Almost 10 years after the Lehigh Cement received a mining permit from the state, the company wants to begin quarrying in earnest at its 700-acre tract south of New Windsor - provoking a flurry of activity from a local residents action group, formed 18 years ago to deal with mining issues in the area. Lehigh had not planned to mine there for another 10 years, said George E. Maloney, chairman and charter member of the New Windsor Community Action Project. Then, at a Dec. 14 meeting, he said he learned that a subcontractor for Lehigh has applied to the Maryland Department of the Environment for a permit to install a 400tph rock crusher at the site.

Peter Lukas, plant manager at Union Bridge, said the company believes there is enough rock at its Union Bridge quarry to supply its York plant for another 10 years. But the limestone in New Windsor is extraordinarily white, because of a low iron content, and is needed now at the company’s plant.

"We want to start mining in our New Windsor quarry ... sometime this year," Lukas said last week. The limestone is for the white cement made at York, which is used for decorative surfaces and colored cements, and valued in highway work for its high reflectivity.

In fact, Lukas said, the installation of the $260m state-of-the art kiln at Union Bridge was predicated upon eventually mining at New Windsor. The company applied in 1991 and received its mining permit for New Windsor in 1996.

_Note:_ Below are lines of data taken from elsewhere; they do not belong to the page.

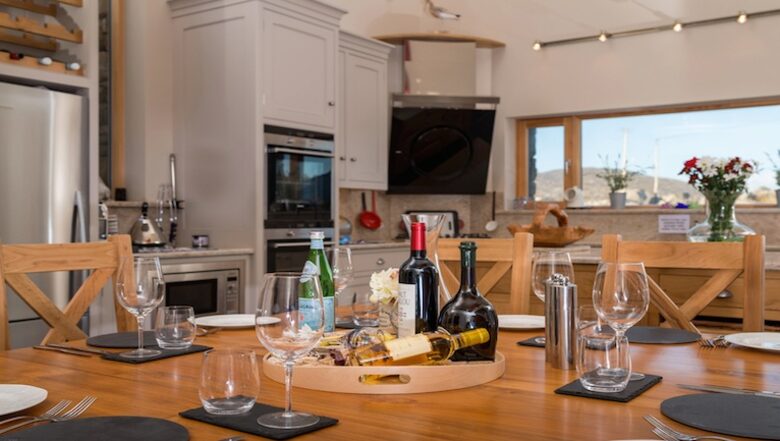 Whale Harbour Cottage - Roundstone, Ireland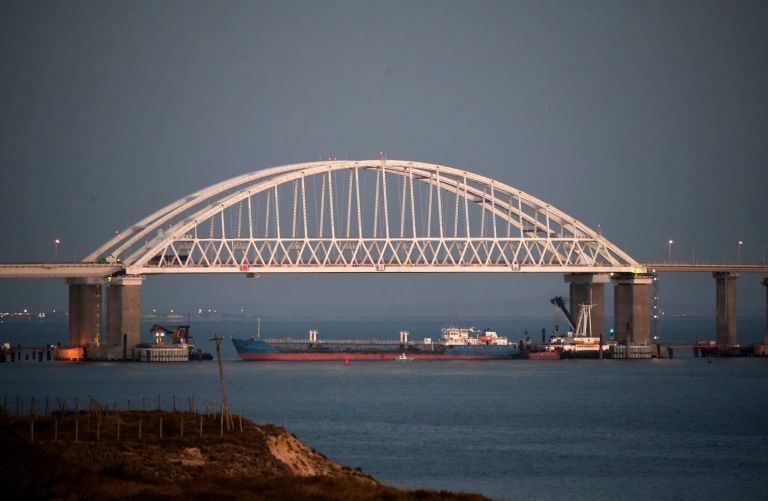 Θερμό επεισόδιο μεταξύ Ρωσίας – Ουκρανίας στη Μαύρη Θάλασσα (video) | tanea.gr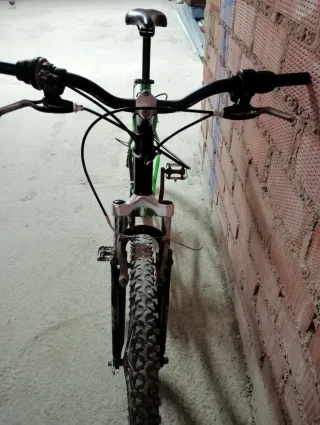 Bicicleta Montaña Verde y Negra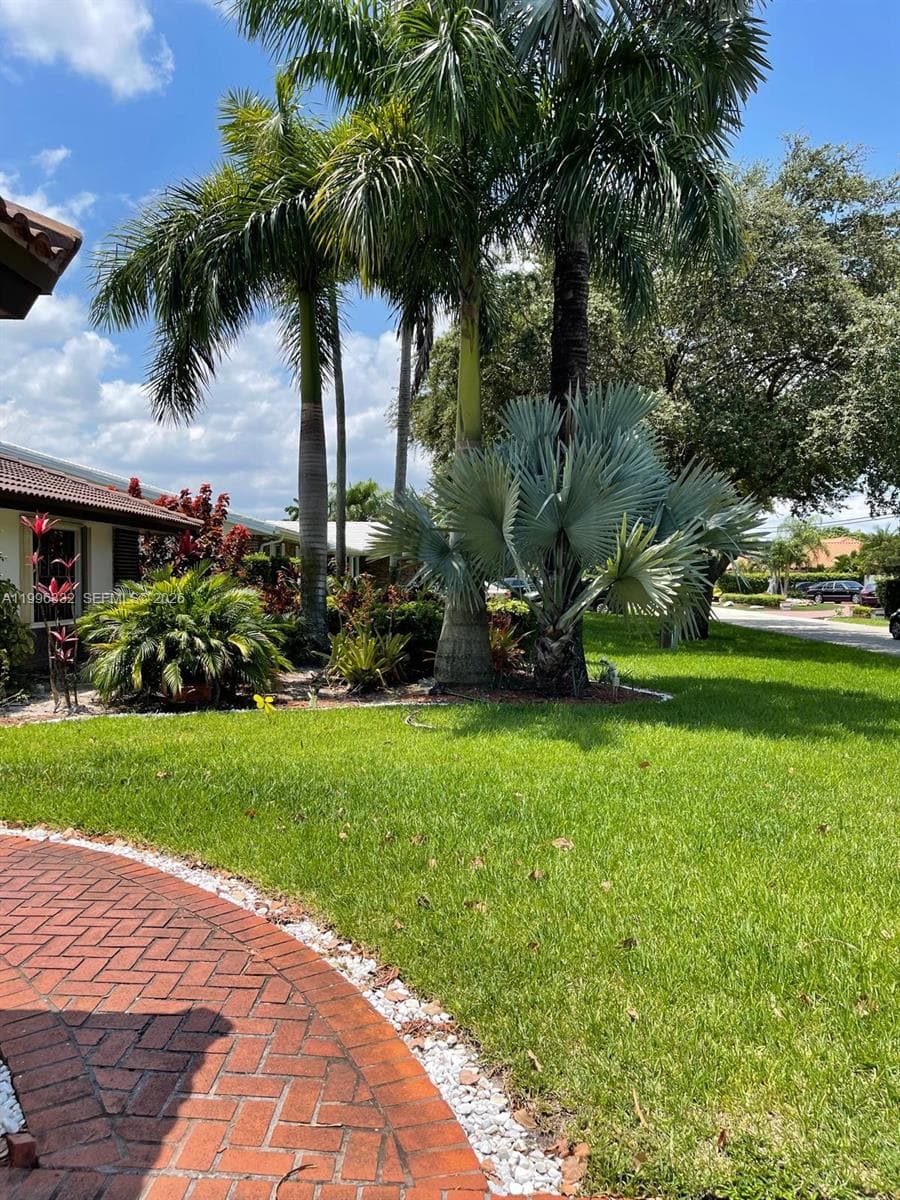 19265 E Saint Andrews Dr, Hialeah FL 33015 — 16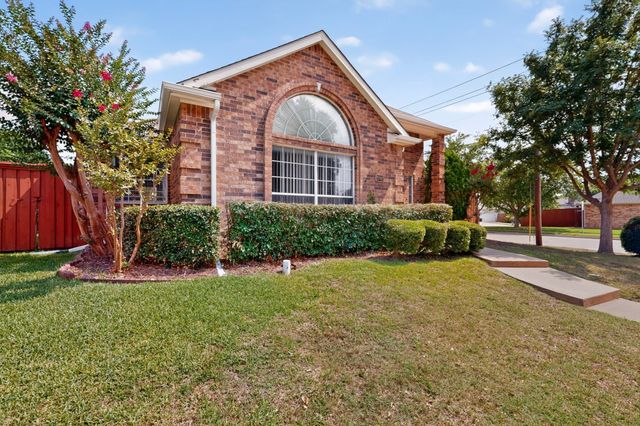 2702 Garden Springs Drive, Richardson, TX 75082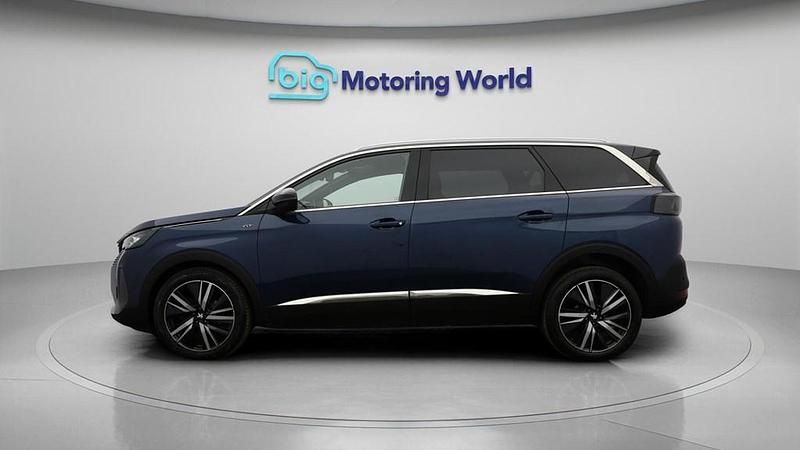Used Peugeot 5008 Premium 130 HP (95 kW) 2022 Blue SUV
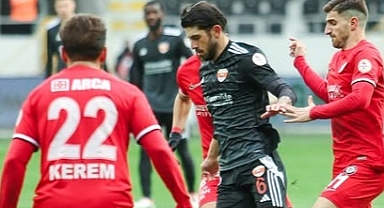Adanaspor 1'er 1'er ilerliyor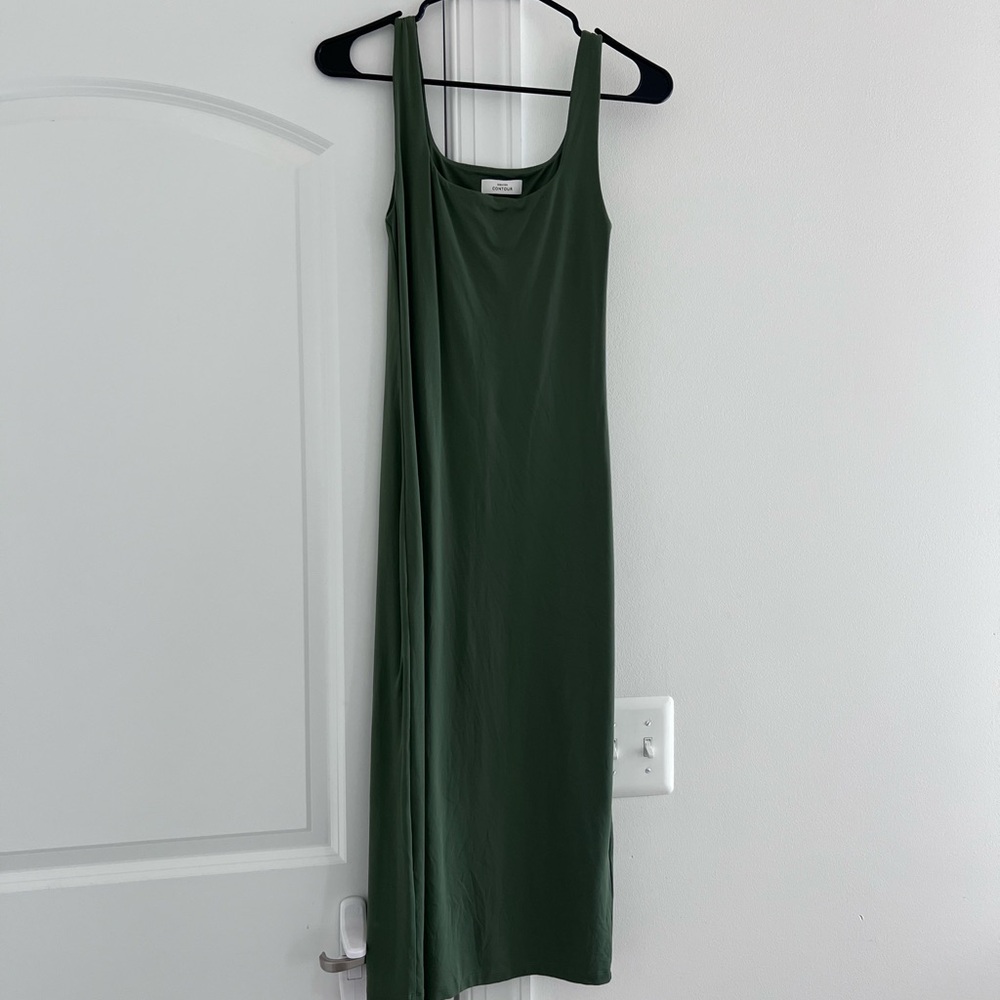Aritzia Babaton Midi Dress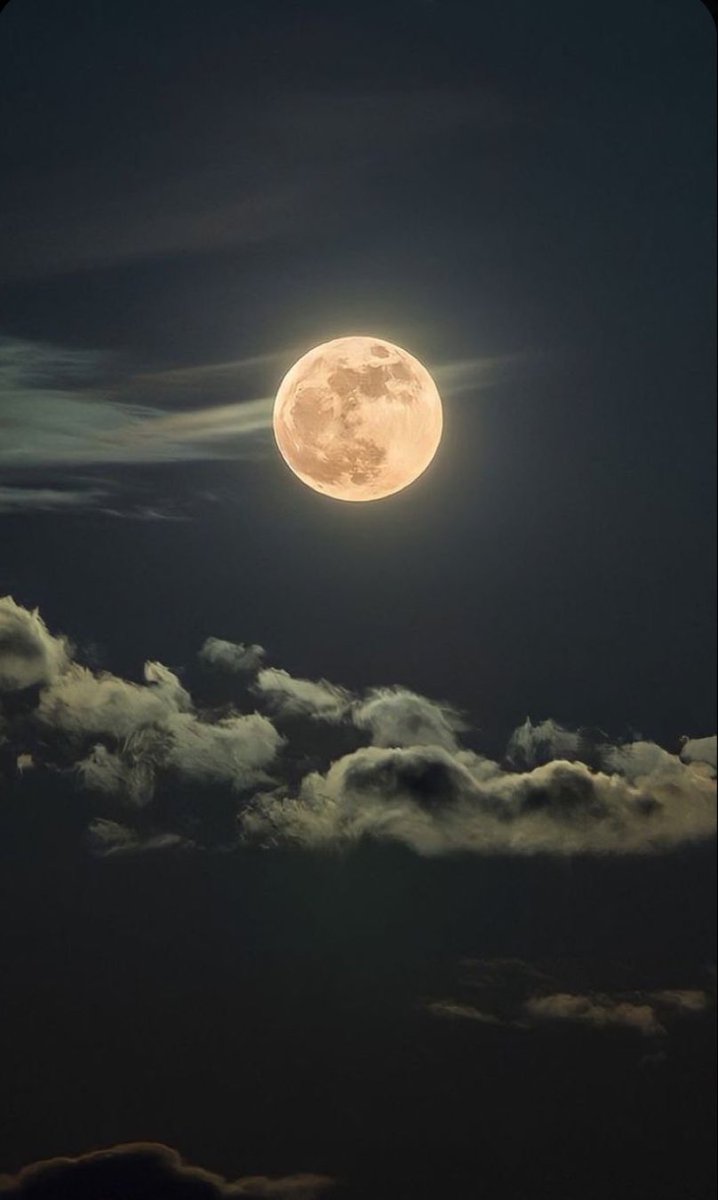 Daha henüz sevgiyle yarışan birşey ortaya çıkmadı. Hisset teninde, nefesinde.. Ne yaptın da sonu sevgiye ulaşmadı?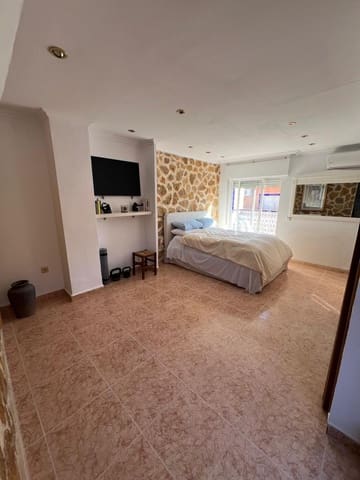 4 bedroom Townhouse for sale in Torre de la Horadada, Pilar de la Horadada - € 238,000 (Ref: 9479417)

The basic plan is to reduce the limestone in New Windsor from boulders to rocks 3 inches to 5 inches in diameter. The rocks would then be hauled by dump trucks along roads south of New Windsor, to Westminster and on to Lehigh’s White Cement Division in York. But Lukas said Lehigh might change some aspects of the plan within the next four to eight weeks, and if it does the company would have to reapply for permitting.

 "We would have a big plant and a big mess like they have over there in Union Bridge," said George Maloney recently. "We’ll do anything in our power to stop that crusher from coming in. This whole thing is a shock to us," Maloney said. "They said they wouldn’t do much, except to keep the permit, until about 2015, that they had enough in Union Bridge to keep going to 10 years or so."

Lukas agreed. Lehigh has been taking 15,000t to 30,000t a year from New Windsor "just to keep the permit alive," he said. Because of the new demand from York, "we want to start mining in that quarry." He said that he foresees the mining of 100,000t to 200,000t a year, although not immediately. He said a time frame has not been decided yet.

 When the Union Bridge quarry runs out of limestone in 10 years or so, Lukas said he foresees mining 4Mta at New Windsor. As for the current application, he said Lehigh might decide that, rather than have the entire operation run by a contractor, the company could run the New Windsor quarry from Union Bridge, about 10 miles away, or share the work with the contractors.

Jim Slater, Carroll County’s environmental compliance officer, said the county has no legal say in the matter. "They have had a mining permit at the site for a very long time," Slater said. "It is zoned for a quarry. Lehigh’s intent is to crush rock. They are applying to MDE for air-quality permits because it generates dust. There have been a lot of questions from New Windsor."

But Lukas said remedies are under way at the sources, the kiln stack and the craneway - a large, 1950s-era storage area with openings for ventilation that is to be replaced as part of an additional $40m to $60m in improvements planned at Union Bridge. The new kiln there has the largest capacity on the continent, capable of producing up to about 6,500tpd clinker, Lukas said. It must be fed limestone, and Lehigh, a subsidiary of Heidelberg Zement AG of Germany, owns 720 acres of it at the quarry site.